We were about 4 miles and 1800 feet up Crescent Mountain from the trailhead on a day that was alternating between rain and snow flurries.  My thirteenth time leading hikes for the Obsidians, and I had everything I could handle.

I hadn’t planned ever to lead hikes.  Indeed, I had heard of the Obsidians, a hiking club, only by chance, when on a visit to Eugene before we moved, the person showing us around mentioned the Obsidian Lodge, as we drove by a large building set in the woods in the South Hills.  After we moved, six weeks later I suddenly remembered the club, looked it up, wrote them about perhaps my joining, hoping, “we would be a good fit for each other.”

We were.  One has to do three hikes to become a member, and on my first, up Rooster Rock in the Menagerie Wilderness, I found I wasn’t left behind.  Indeed, on the steep upper part, climbing 750 feet in a half mile, there were two of us in front, and I kept up a conversation with the other ahead of me.  I belonged in this country.  (Picture of Obsidian Hiking Group, Rooster Rock, 2014).
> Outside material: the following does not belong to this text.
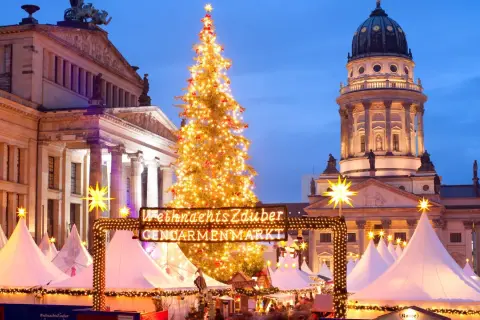 Jarmark Gendarmenmarkt w Berlinie, jeden z najpiękniejszych jarmarków bożonarodzeniowych w Europie, z choinką i kopułą kościoła w tle.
The leader on that hike, a dynamo, 73, kept telling me I should lead hikes.  I told her I couldn’t lead a hike without having done it first, so I spent much of the summer of 2014 doing hikes in the Cascades or on the Oregon Coast by myself.  I started with Eagle’s Rest, a 2000 foot climb, then did Hardesty, a 3500 foot climb over 4.5 miles.  I found a way to do Hardesty without backtracking, and did that 14.5 miler, with 5000 feet of climbing, twice.  I hiked Obsidian Loop, one of the classic Cascade hikes, on July 4, six feet of snow or more on the ground.  I later combined the loop with Opie Dilldock for a 19 miler.  I did Maxwell Butte, Iron Mountain, Castle Rock, and on a cold October day near season’s end, Browder Ridge, solo.  (Collier Cone, Opie Dilldock 19 miler, August 2014).
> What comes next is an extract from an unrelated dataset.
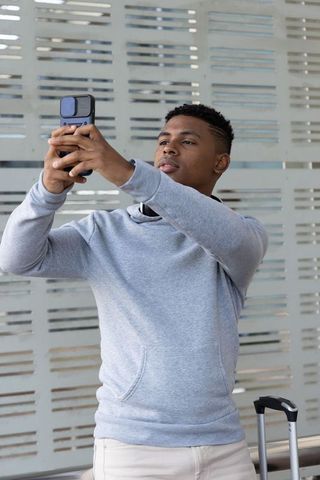 African american traveler taking selfie at modern transit concourse with carry-on luggage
I started leading hikes in August, two months after I became a member.  I led Obsidian Loop twice, once in November, four days before the road closed for the winter.  That was a great hike, in fog and rain, not the usual way people see that country, which is usually in summer.

The non-winter of 2015 meant that hikes we normally did in June or July were able to be done in April.  Indeed, I led lower elevation Rooster Rock in mid-February, with trees in bloom.  Crescent Mountain was in April.  I had done it the prior June 29.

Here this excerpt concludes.